A last-minute deal between the University of Wisconsin System and Gov. Scott Walker has guaranteed the construction of major building projects that had been left out of the original 2011-13 capital budget.
The state Building Commission on Wednesday approved Walker’s $1.1 billion capital budget and gave the UW System the go-ahead for two previously excluded projects: construction of a $52.2 million nursing center in Madison and a $63.5 million renovation and expansion of the health and human performance building in River Falls.
The UW System expects the nursing building project to create 500 construction jobs during the next two years, said Alan Fish, vice chancellor of facilities for UW-Madison.
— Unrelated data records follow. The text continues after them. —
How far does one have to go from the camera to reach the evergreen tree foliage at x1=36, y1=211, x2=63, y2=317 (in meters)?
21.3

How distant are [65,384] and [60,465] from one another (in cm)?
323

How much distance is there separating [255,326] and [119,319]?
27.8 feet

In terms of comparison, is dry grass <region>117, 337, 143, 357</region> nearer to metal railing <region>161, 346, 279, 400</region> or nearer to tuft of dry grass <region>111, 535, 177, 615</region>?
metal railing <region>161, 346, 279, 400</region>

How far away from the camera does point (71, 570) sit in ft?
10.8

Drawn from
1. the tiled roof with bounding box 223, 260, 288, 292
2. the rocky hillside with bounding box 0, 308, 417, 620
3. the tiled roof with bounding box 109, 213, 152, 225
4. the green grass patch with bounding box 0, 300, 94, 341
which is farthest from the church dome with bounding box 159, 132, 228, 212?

UW-Madison agreed to reallocate money from its maintenance budget to pay for the nursing building, and Walker and the Building Commission granted advanced enumeration for the health building to be constructed during the 2013-15 biennial budget.
“That allowed the administration to keep their overall (budget) number and allowed us to move forward with the (nursing building) project, and they were willing to advance enumerate,” Fish said. “That makes it all work.”
Walker said he understood UW System’s urgency to expand its nursing program with a new building, adding, “We’ve talked about the nursing shortage.”
“In talking with university officials at Madison,” Walker said, “they figure it’s a higher priority for the School of Nursing to move forward with this.”
As for the health building, Walker said, UW System officials made it clear the building was not only insufficient but also unsafe in some areas. The state is loathe to offer advanced enumeration to projects because it limits budget decisions for future Legislatures, but Walker said UW System officials made an “impassioned appeal” for the River Falls project.
“As I understand it, this is not just a building,” Walker said. “More than half the student body population on campus uses this facility.”
The UW System anticipates raising $2 million for the River Falls project, but officials said it would be nearly impossible to raise any money unless they could guarantee potential donors the project would be built in the near future.
“It’s imperative we as a state send a message to the community we’re going to do this,” said Building Commission Chairman Rep. Dean Kaufert, R-Neenah. “We hate to tie the hands of this next Legislature by advanced enumerating, but as long as (Walker is) OK with that, I think it’s a good move to send a signal.”
When Walker told the UW System neither project would be included in the next biennial budget, officials started scrambling to propose an alternative, Fish said.
“There were so many (options) they’re probably not worth counting,” he said, “but this was the one we thought had the best chance for success.”
Upon adjournment of Wednesday’s meeting, Fish received a celebratory cigar from David Miller, an associate vice president for UW System.
Walker said the capital budget accomplishes major goals for most state agencies, including the UW System, despite representing a 30 percent cut from the 2009-11 budget.
“The focus was not on big, new and bold, minus a few exceptions, but on taking care of the things we have,” Walker said. “The things that are new, like the School of Nursing, they’re significant investments and include money from the private sector helping us balance that off by not putting it all on the backs of taxpayers.”